DAW plugins have been approaching a saturation point over the past decade. Reskinned VSTs seem to outnumber innovative music software by a margin of ten to one. How many new delay and reverb effect plugins do we need? Generative AI and machine learning models are bringing a wave of novelty into the music software ecosystem. But there's a problem; most of these applications lack the plugin UI that we've grown accustomed to.
These new models are built, summarized in papers on Arxiv, promoted on Twitter, and circulated through a small community of AI enthusiasts. Only a few AI models have been productized and marketed to musicians.
Meanwhile, instant-song generators like Boomy and Soundraw are dominating public perceptions of AI music. These browser apps have been backed by venture capital and go after the royalty-free music market. Their marketing appeals to content creators who would normally shop for uaiod at Artlist, Epidemic, and SoundStripe. These browser apps aren't designed for digital audio workflows.
The majority of AI music models are housed in open source Github repositories. Loading a model on your personal computer can be time and resource intensive, so they tend to be run on cloud services like Hugging Face or Google Colab instead. Some programmers are generous enough to share access to one of these spaces.
To overcome this problem, companies will need to start hiring designers and programmers who can make AI models more accessible.
In this article, I'll share a few exclusive interviews that we held with AI VST developers at Neutone and Samplab.

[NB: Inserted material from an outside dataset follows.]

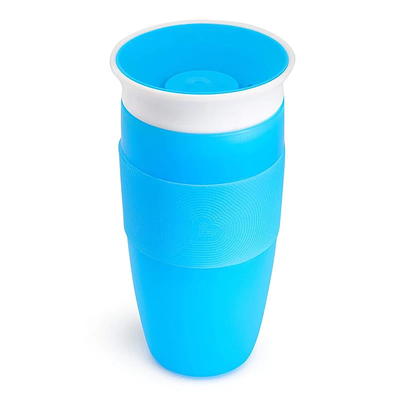 Munchkin® Miracle® 360 Trainer Sippy Cup with Handles, Spill Proof, 7  Ounce, 2 Pack, Green/Blue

I was also fortunate to speak with Voger, a prolific plugin design company, to get their take on emerging trends in this space. For reader who want to learn more about AI models and innovative plugins will find a list at the end of this piece.
Ableton Max For Live is currently one of the few plugin formats that easily loads AI models directly in a DAW. The device shown below, shared by Kev at The Collabage Patch, leverages MusicGen's buffer feature to generate AI music in Ableton.
This next Max For Live device is called Text2Synth and was programmed by an acquaintance who I met through Twitter, named Jake (@Naughtttt). He created an AI text prompt system that generates wavetable synths based on descriptions of the sound you're looking for.
Generative audio workstations: Designing UX/UI for AI models
The idea of a generative audio workstation (GAW) was popularized by Samim Winiger, CEO at generative AI music company Okio. His team is actively building a suite of generative music software and we hope see more from them in the coming year.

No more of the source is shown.